Referring to both fig. 2 and 3, the upright 32 is provided with a plurality of first ejectors 24 in its vertical direction. Preferably, the plurality of first rundown members 24 are equally spaced on the upright 32. In the present embodiment, the upright 32 is provided with 3 first ejectors 24 in its vertical direction. The beam 33 is provided with a plurality of second ejectors 25 in its transverse direction. Preferably, the plurality of second discharging pieces 25 are disposed on the beam 33 at equal intervals. More preferably, the second discharging pieces 25 provided on the same beam 33 and the second discharging pieces 24 provided on the corresponding two columns 32 are provided at equal intervals. In the present embodiment, the beam 33 is provided with 3 second discharging pieces 25 in the lateral direction thereof. The number and positions of the second discharging pieces 25 are increased according to the room size and actual requirements of the substation 3. Preferably, the most efficient path is determined from the fluid mechanics and the optimization is suitably adapted in connection with the experimental effect. Alternatively, in the case where the cooling and moisturizing requirements can be satisfied by only the first delivery member 24, the provision of the second delivery member 25 may be omitted. The green cooling and humidifying system of the transformer substation has strong cooling pertinence, for example, for equipment with a large room and fixed heating points, the first discharging part 24 or the second discharging part 25 at an additional heat source can be additionally arranged at random, the targeted setting is realized, and the cooling and humidifying effects are better. Compared with the traditional exhaust air which can be only distributed on the surrounding four walls, the green cooling and humidifying system of the transformer substation can introduce cool and humid air to any heat point source needing cooling and moisturizing, directly replace the hot air, and improve cooling effect and efficiency.

Preferably, the first delivery member 24 is configured identically to the second delivery member 25. The first transfer member 24 is described as an example.

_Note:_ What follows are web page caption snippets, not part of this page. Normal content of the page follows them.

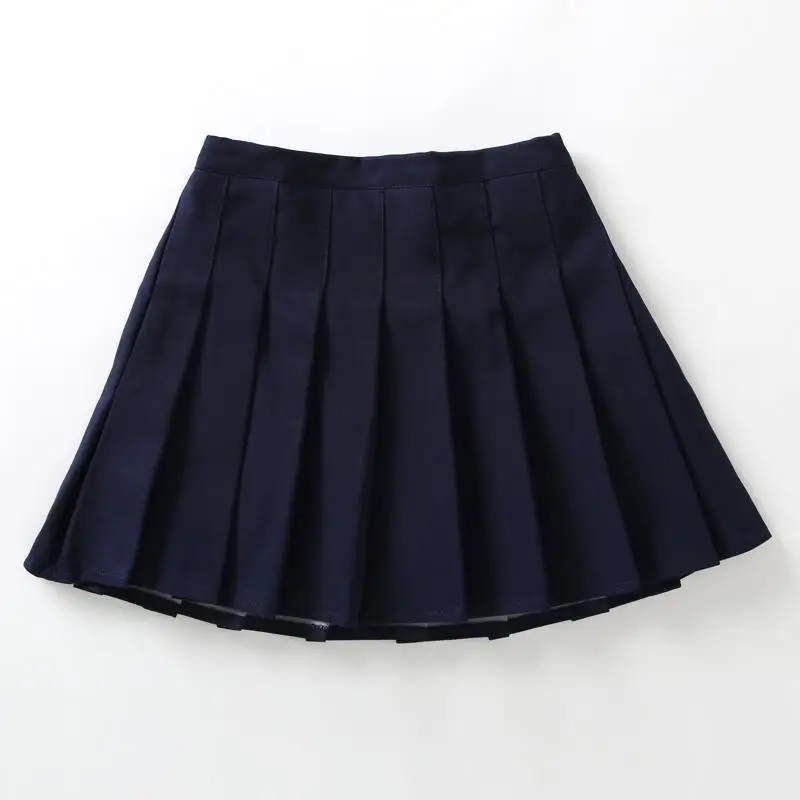 2024 New Children Summer Girls Mini Skirts Vintage Pleated Skirt Korean Tennis Skirts Short Student Uniform Skirts White Black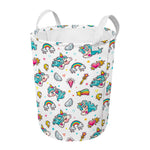Little Girly Unicorn Pattern Print Round Laundry Basket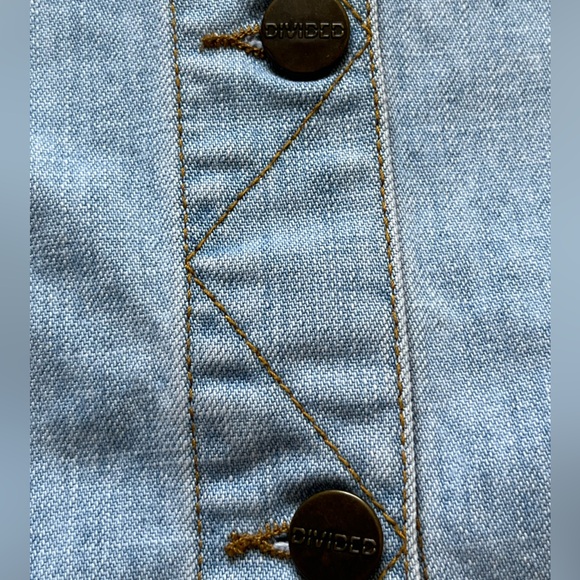 Vintage H&M Divided Y2K Denim Front Buttons A-Line Skirt Size 10 - Picture 6 of 15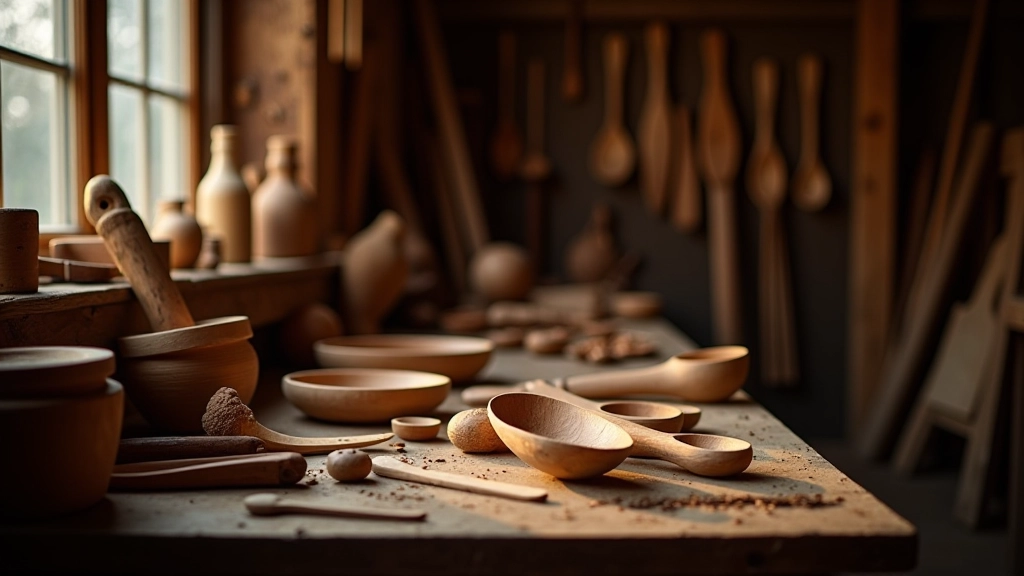 Person in workshop with carved wooden pieces and wood blocks at various stages of completion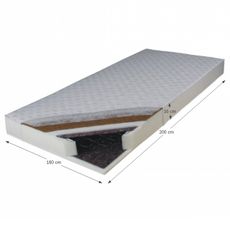 KONDELA Kokos Medium pružinový matrac 180x200 cm pružiny / plsť / PUR / latex-kokos doska / látka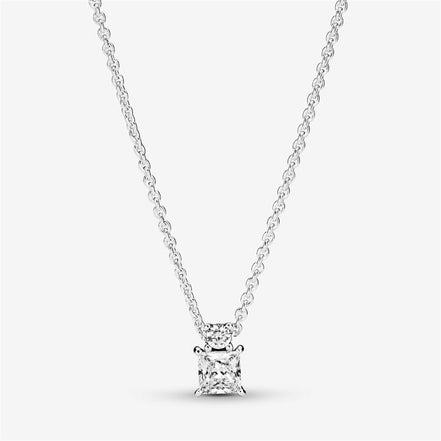 Pandora Timeless Sparkling Collier Round & Square Pendant Necklace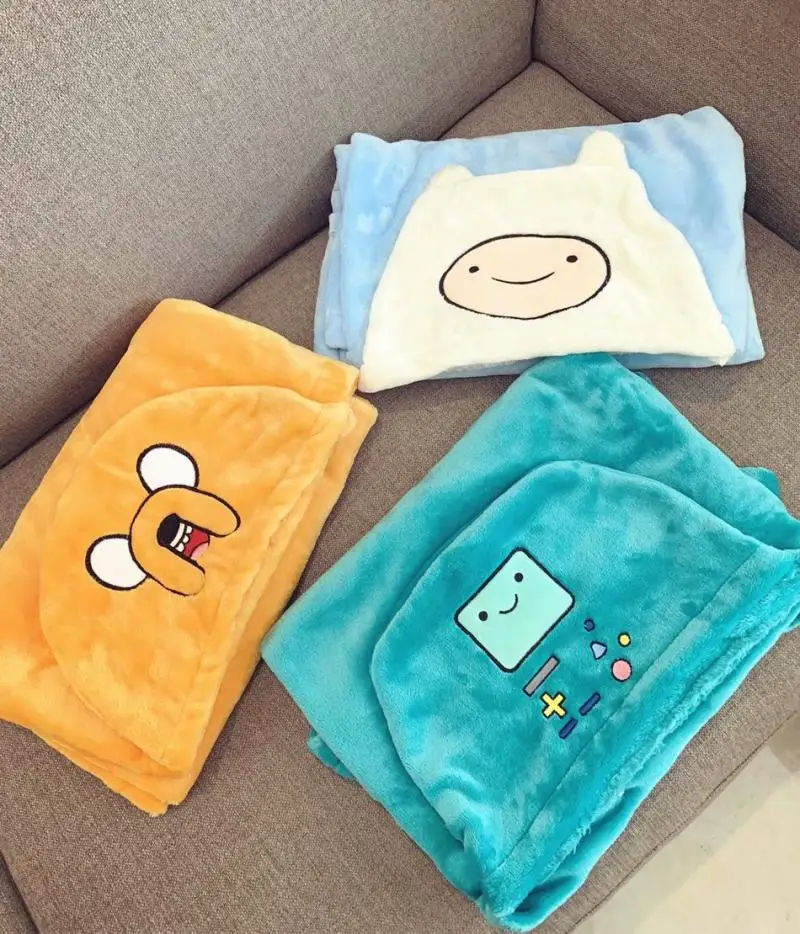 Adventure Time Finn Jake Game Machine Lovely Warm Cloak Blanket Soft Plush Toy Girl Boy Birthday Christmas Gift 1pc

The first ejection member 24 includes a mounting portion 241 and a curved portion 242. The mounting portion 241 is a passage using a hollow portion of a conventional steel structure column, and is mounted on the column 32. The bending portion 242 extends from one axial end of the mounting portion 241 to protrude from the column 32. In the horizontal direction, the bent portions 242 are bent toward the electrical device 30, and the end surfaces of the bent portions 242 away from the mounting portions 241 are biased toward the electrical device 30 from the corresponding upright posts 32. The projection of the normal line of the end surface of the bent portion 242 away from the mounting portion 241 in the horizontal direction has a horizontal inclination angle α=arc tan (h ₁ /b ₁ ) Wherein b ₁ A distance h parallel to the outer edge of the corresponding side of the electrical device 30, which is the distance of the center in the horizontal plane of the end face from the far end of the outer edge (the end adjacent to the outer edge of the end face is the near end) ₁ Is the distance of the center of the end face from the distal end perpendicular to the side outer edge. In the vertical direction, the bending portion 242 is bent upward, the end surface of the bending portion 242 away from the mounting portion 241 is inclined upward toward the electrical apparatus 30, and the vertical inclination angle β=arc tan (b) of the projection of the normal line of the end surface of the bending portion 242 away from the mounting portion 241 in the vertical direction with respect to the vertical direction ₂ /h ₂ ) Wherein b ₂ A horizontal distance h from the center of the end face of the bent portion 242 away from the mounting portion 241 to the corresponding side of the electrical device 30 ₂ Is the vertical distance between the center of the end face and the center of the end face of the bent portion 242 of the adjacent upper row of feed pieces 24 away from the mounting portion 241.

Constant temperature and constant humidity resources of underground fire water in a station area are fully utilized, heat exchange is carried out through a cooling assembly 114, air in a pool with proper humidity is mixed and regulated through a fan set 11, the air is continuously sent into Mao Xiliang and a column net of a transformer substation 3 through a low-power fan, steel keels in the existing steel structure column and wallboard system are fully utilized to form a capillary ventilation system, and a low-flow fan with the wind speed smaller than 1kW is adopted to implement the capillary circulation pipe, so that the air speed is relaxed and continuous, the air is not blown directly, the condensation is not caused, the stable operation of equipment is not influenced, no noise is generated, and the operation effect is environment-friendly, energy-saving and friendly; the first discharging piece 24 (the second discharging piece 25 can be added according to the need) is arranged in the transformer substation 3 in a horizontal layering mode, the hot air is lifted up and discharged from the ventilation opening 34 of the transformer substation 3 through horizontal vortex, the cold air is lowered down, and the replacement of the dry hot air by the low-temperature standard wet air is realized in a vortex mode. In addition, the environment-friendly cooling and humidifying system of the transformer substation utilizes a low-power fan with the power smaller than 1kW, so that the energy consumption of compressor refrigeration is avoided, a high-power forced air exhaust fan on a roof and a high-power air conditioner refrigerating system are replaced, the problem that the life of residents is influenced due to noise transmission is solved, and the advantage of the industrial building environment integrated city development is realized. In addition, the green cooling and humidifying system of the transformer substation is simple in structure, can be completely assembled and customized according to the current situation of the hollow part of the building beam column and the technological requirement, and can realize the most economical cooling and dehumidifying; moreover, the installation does not need the guidance of complex technicians, and common staff can operate and install the device, so that the device has easy popularization and easy popularization.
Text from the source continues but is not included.